=== EXCERPTED RECORDS ===
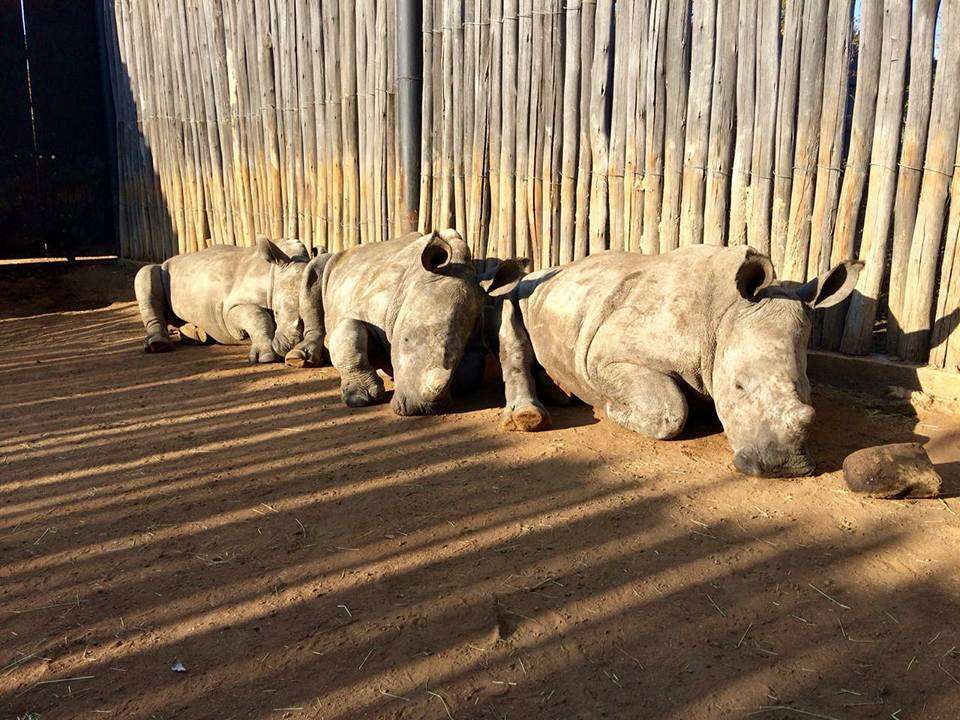 orphan rhino rescue south africa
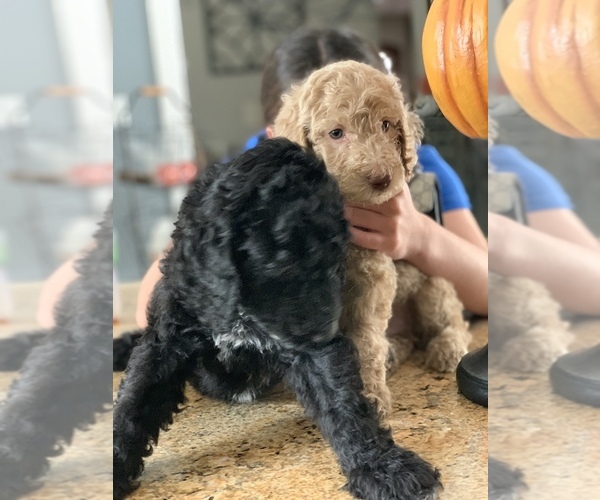 Medium Photo #17 Poodle (Standard) Puppy For Sale in TAMPA, FL, USA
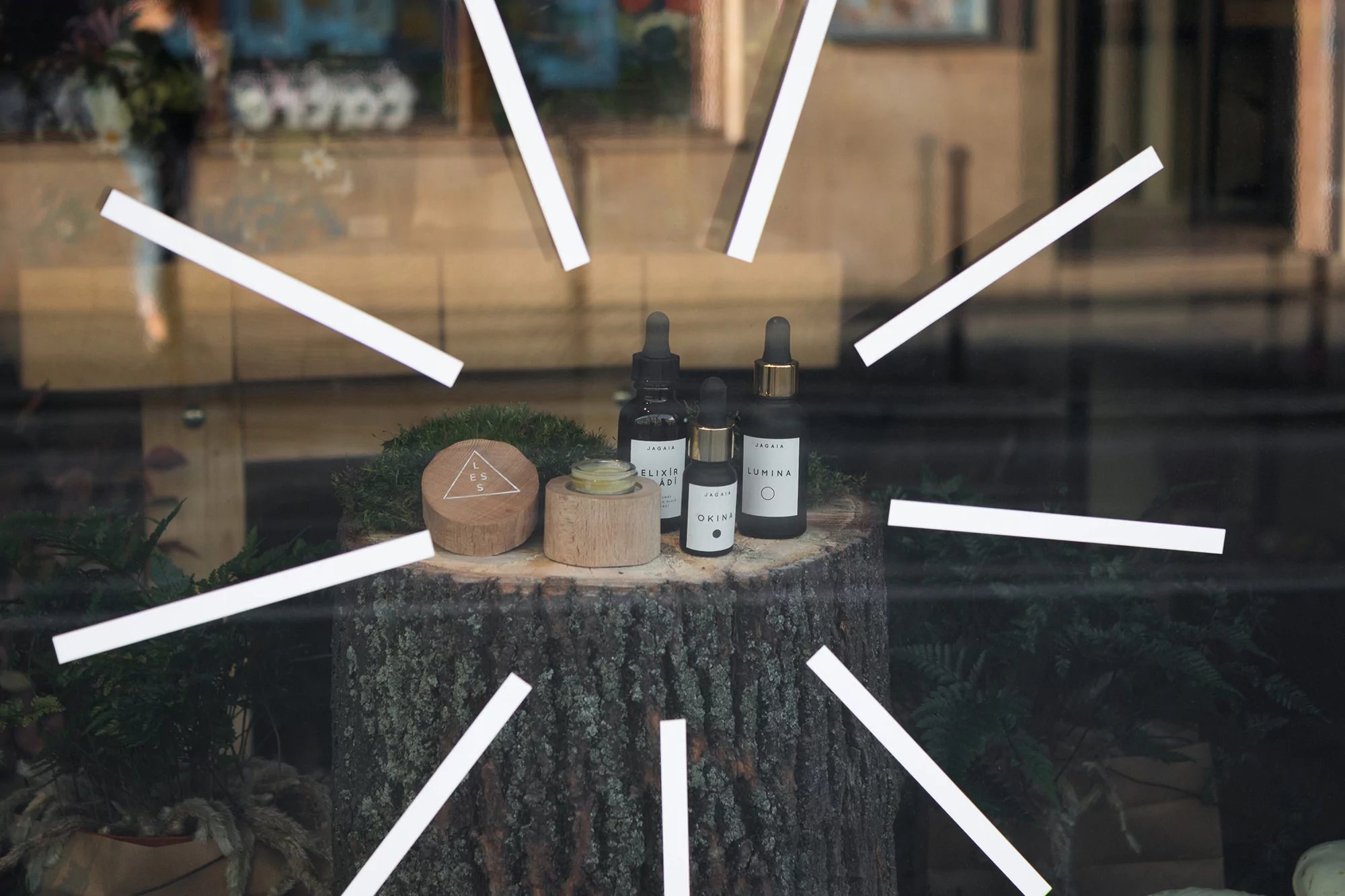 Ivana Palecková’s elegant, eco-centric identity for Botanical Lab is led by organic irregularity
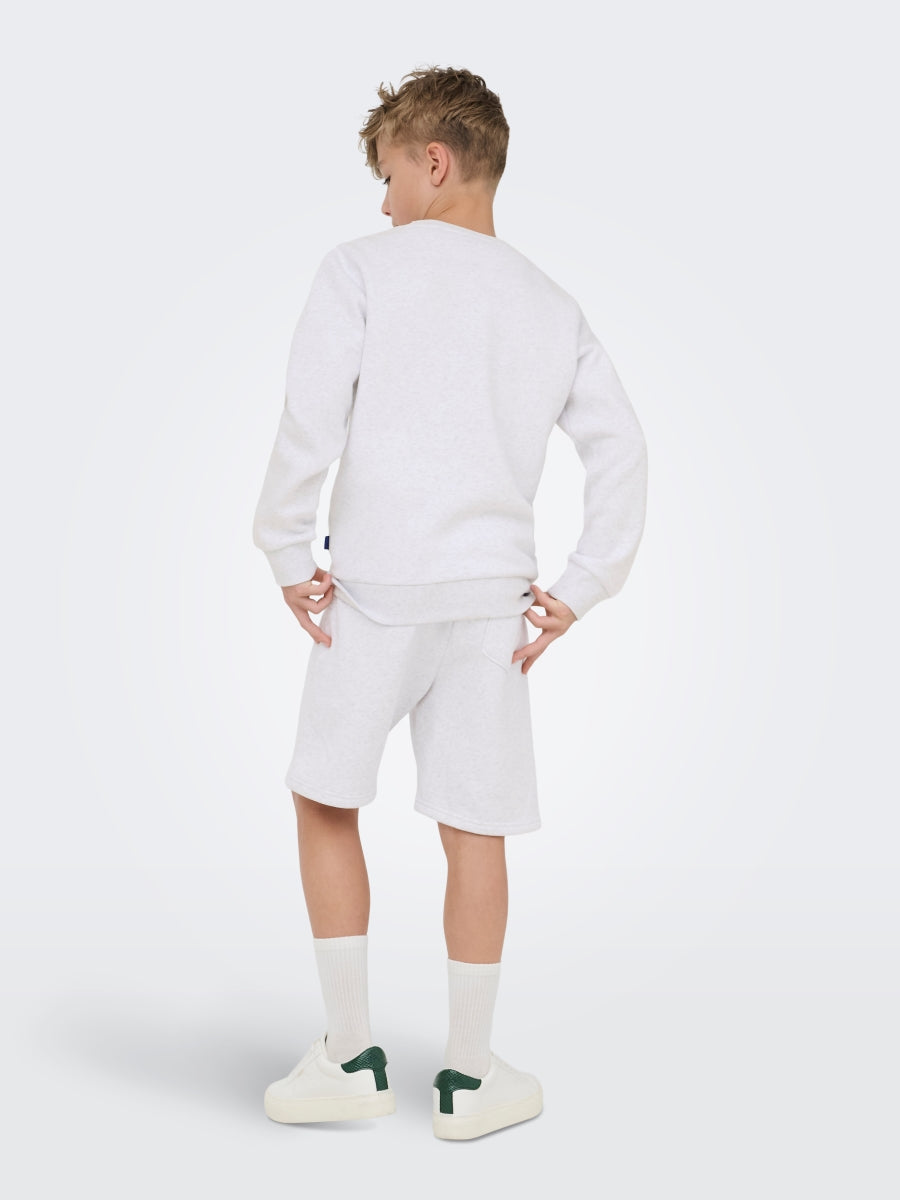 ONLY & SONS Jungen Sweatshirt OSJCERES 22033239
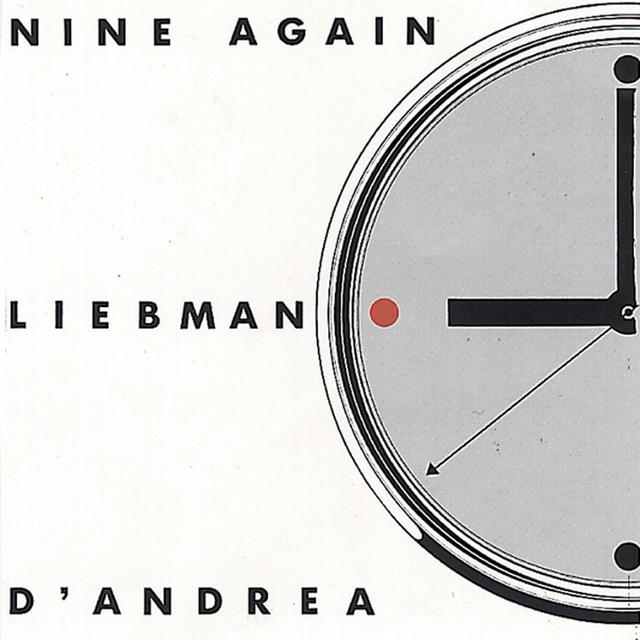 Album cover art for Nine Again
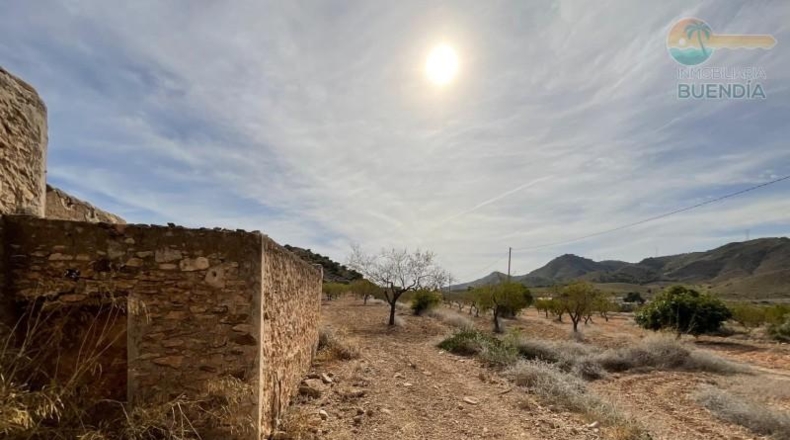 Murcia - Fuente Álamo de Murcia - 8909m2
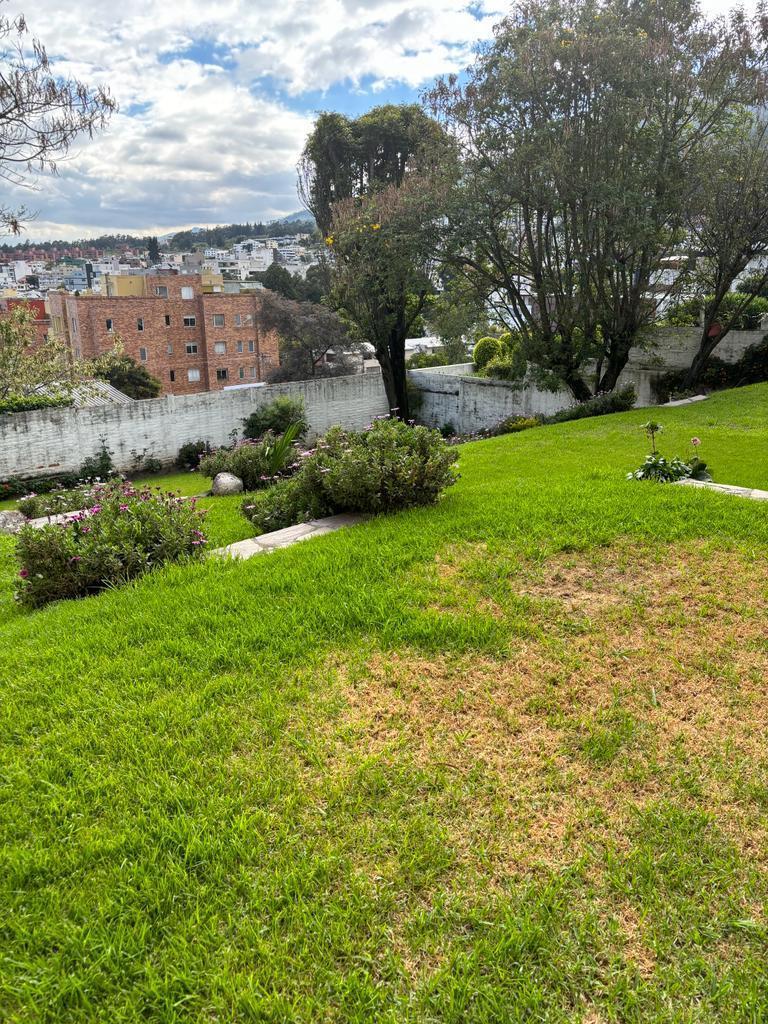 Vendo Terreno con Hermosa Vista en El Quito Tenis — imagen 6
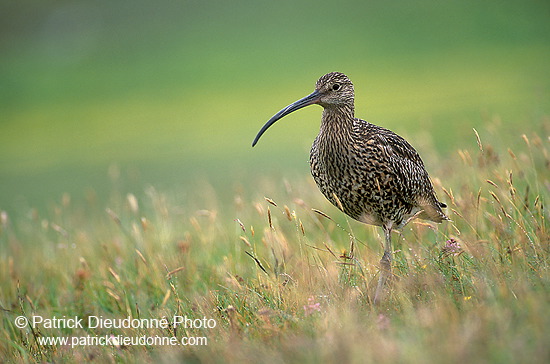Curlew (Numenius arquata) - Courlis cendré - 17500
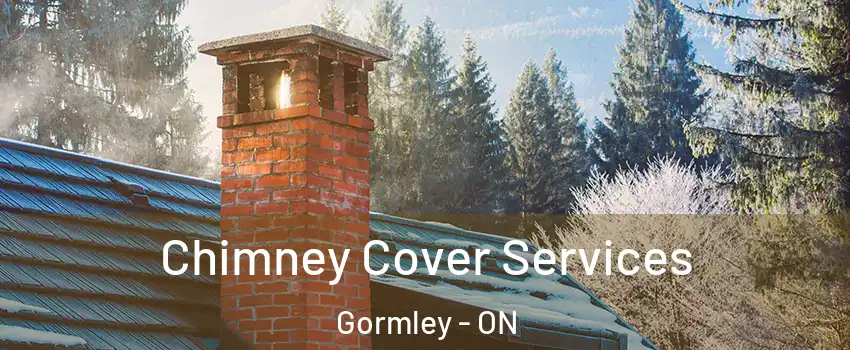  Chimney Cover Services Gormley - ON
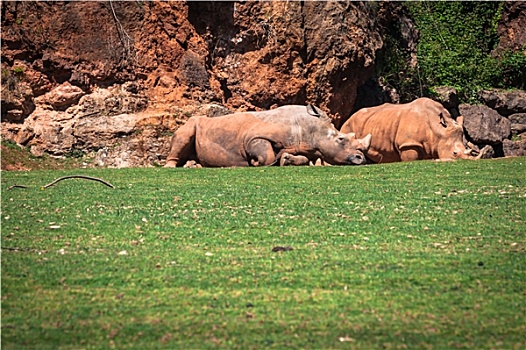犀牛,纳库鲁湖国家公园,肯尼亚,白犀属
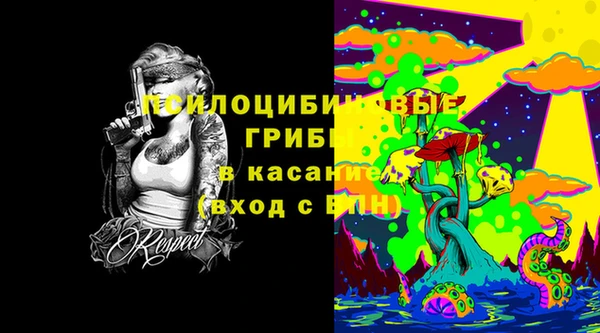 скорость Алзамай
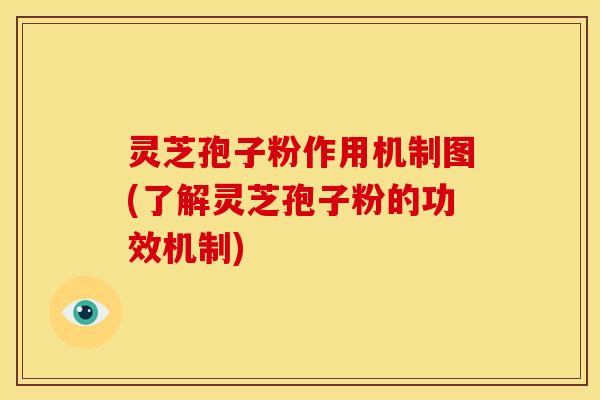 灵芝孢子粉作用机制图(了解灵芝孢子粉的功效机制) 灵芝孢子粉作用机制图(了解灵芝孢子粉的功效机制)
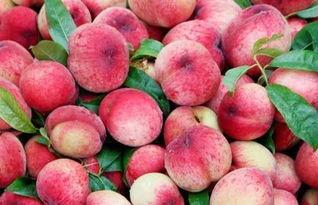 peach 吃瓜,揭秘“吃瓜群众”背后的趣味与真相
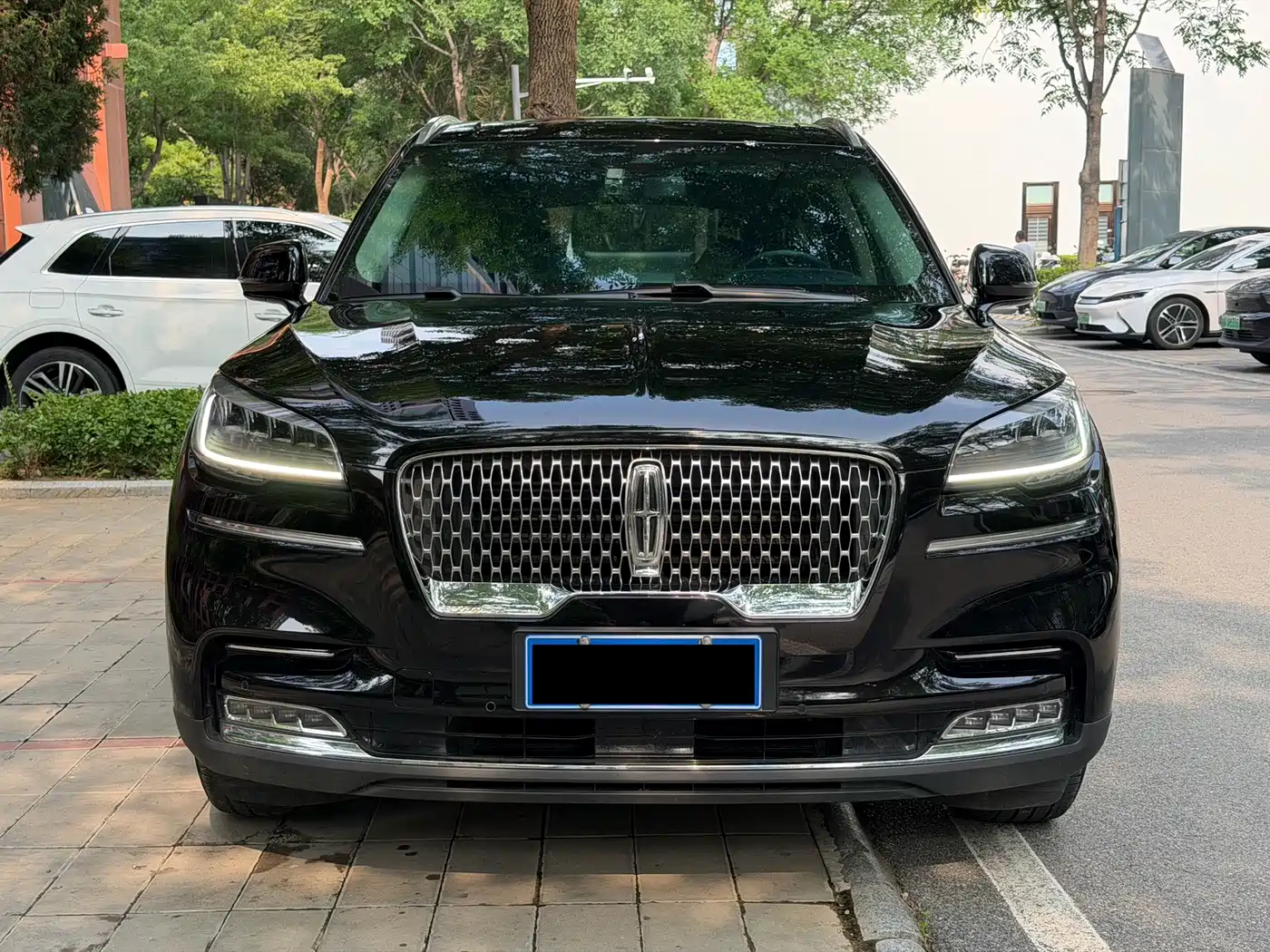 Lincoln Aviator 2020 2020 3.0T V6 4WD Premium Edition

=== YOUR GOAL ===
Return, exactly as they appear, the lines from the line containing "Chimney Cover Services Gormley - ON" through the end of the records above, both ends included, without pictures.

=== RESPONSE FOR THIS EXERCISE ===
  Chimney Cover Services Gormley - ON
犀牛,纳库鲁湖国家公园,肯尼亚,白犀属
 скорость Алзамай
 灵芝孢子粉作用机制图(了解灵芝孢子粉的功效机制) 灵芝孢子粉作用机制图(了解灵芝孢子粉的功效机制)
 peach 吃瓜,揭秘“吃瓜群众”背后的趣味与真相
 Lincoln Aviator 2020 2020 3.0T V6 4WD Premium Edition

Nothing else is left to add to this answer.